Dialectology

Dialectology

[dahy-uh-lek-tol-uh-jee]
Dialectology (from Greek διάλεκτος, dialektos, "talk, dialect"; and -λογία, -logia) is a sub-field of historical linguistics, the scientific study of linguistic dialect. It studies variations in language based primarily on geographic distribution and their associated features (as opposed to variations based on social factors, which are studied in sociolinguistics). Dialectology treats such topics as divergence of two local dialects from a common ancestor and synchronic variation.

Dialectologists are ultimately concerned with grammatical features which correspond to regional areas. Thus they are usually dealing with populations living in their areas for generations without moving, but also with immigrant groups bringing their languages to new settlements.

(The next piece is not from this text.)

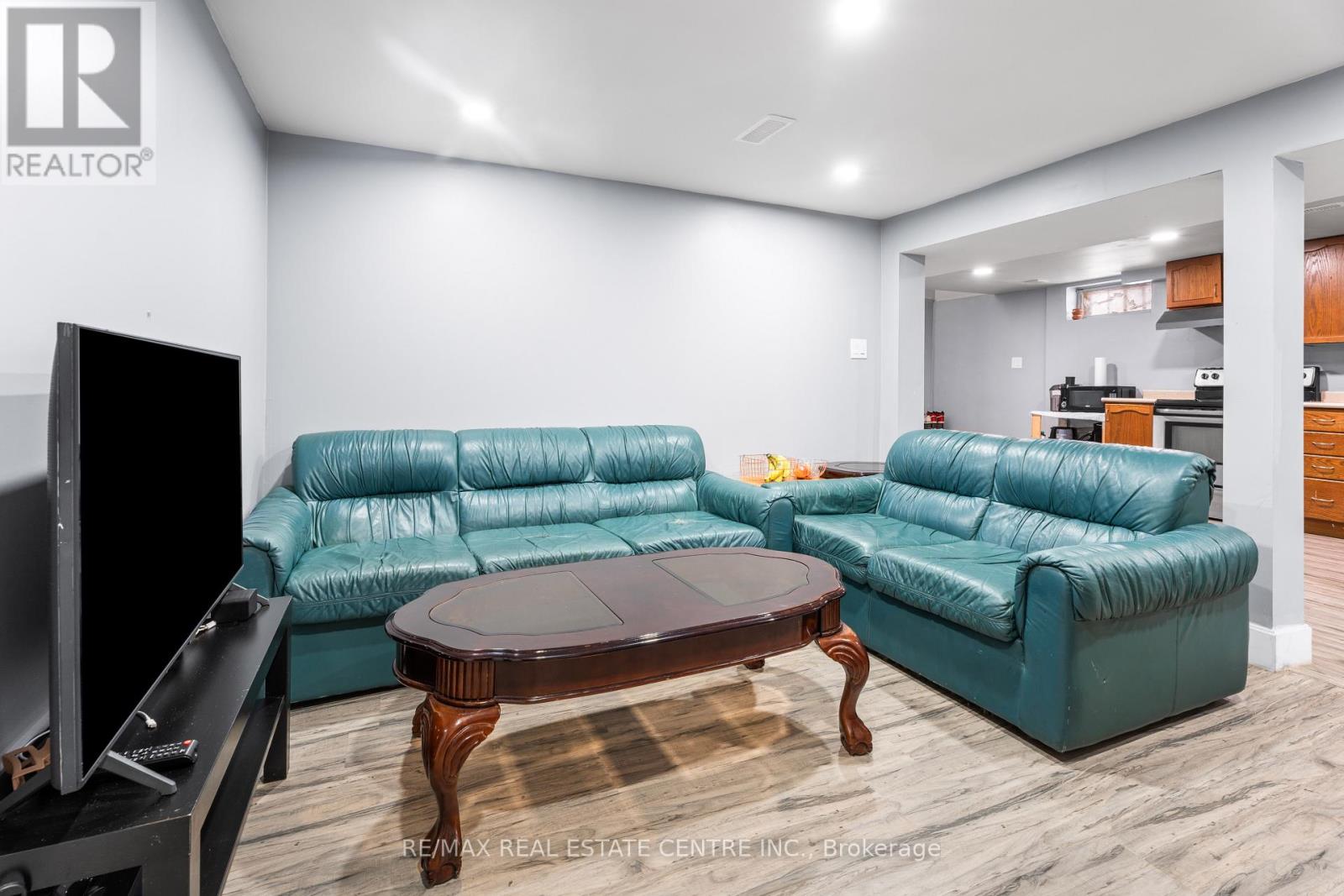 953 Upper Sherman Avenue, Hamilton, Ontario  L8V 3N4 - Photo 21 - X12630798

William Labov is one of the most prominent researchers in this field.

History

Dialect studies began in the latter half of the nineteenth century. The idea of dialect studies began in 1876, by Georg Wenker, who sent postal questionnaires out over Northern Germany. These postal questionnaires contained a list of sentences written in Standard German. These sentences were then transcribed into the local dialect, reflecting dialectal differences. Many studies proceeded from this, and over the next century dialect studies were carried out all over the world. Joseph Wright produced the six-volume English Dialect Dictionary in 1905. Traditional studies in Dialectology were generally aimed at producing dialect maps, whereby imaginary lines were drawn over a map to indicate different dialect areas. The move away from traditional methods of language study however caused linguists to become more concerned with social factors. Dialectologists therefore began to study social, as well as regional variation. The Linguistic Atlas of the United States (1930s) was amongst the first dialect studies to take social factors into account.

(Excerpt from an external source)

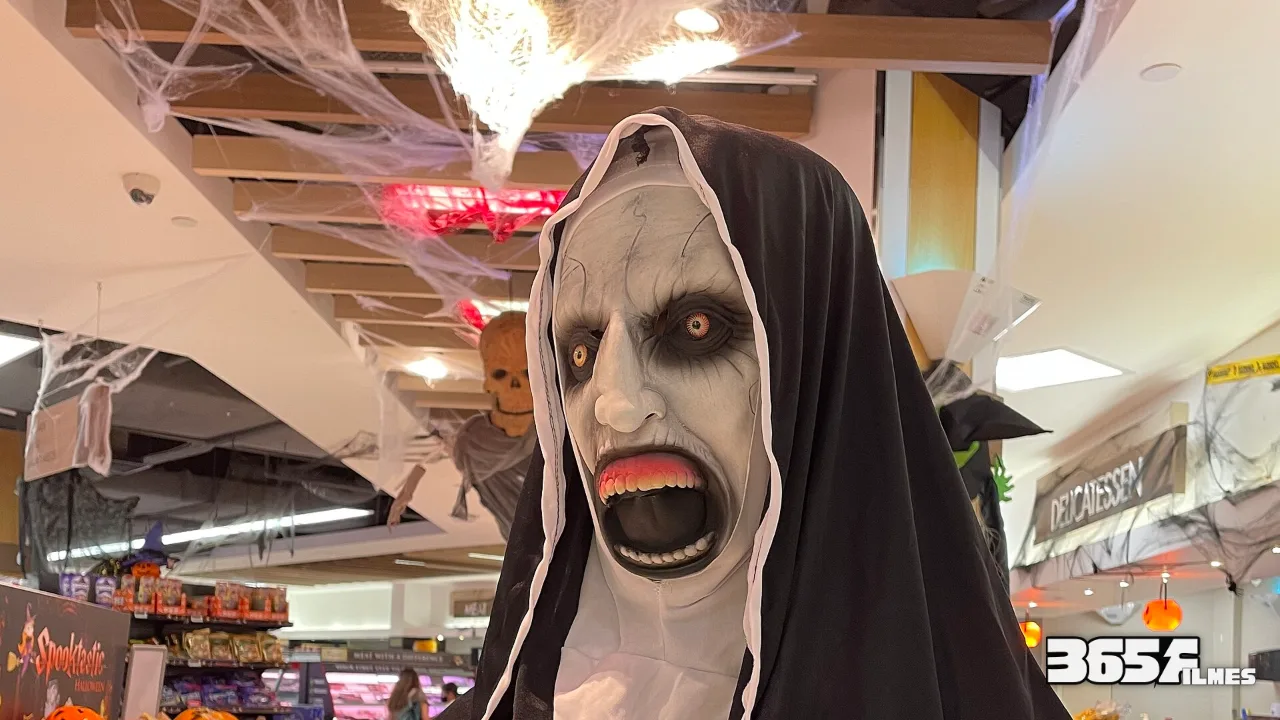 Fantasia do demônio Valak, a freira de Invocação do Mal 2 e A Freira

In the 1950s, the University of Leeds undertook the Survey of English Dialects, which focused mostly on rural speech in England and those areas of Wales that had always spoken English.

This shift in interest consequently saw the birth of Sociolinguistics, which is a mixture of dialectology and social sciences.

Methods of data collection

Dialect researchers typically use questionnaires to gather data on the dialect they are researching. There are two main types of questionnaires, direct and indirect.

Researchers using direct questionnaires will present the subject with a set of questions that demand a specific answer and are designed to gather either lexical or phonological information. For example, the linguist may ask the subject the name for various items, or ask him or her to repeat certain words.

Indirect questionnaires are typically more open-ended and take longer to complete than direct questionnaires. Researchers using this method will sit down with a subject and begins a conversation on a specific topic. For example, he may question the subject about farm work, food and cooking, or some other subject, and gather lexical and phonological information from the information provided by the subject. The researcher may also begin a sentence, but allow the subject to finish it for him, or ask a question that does not demand a specific answer, such as “What are the most common plants and trees around here?”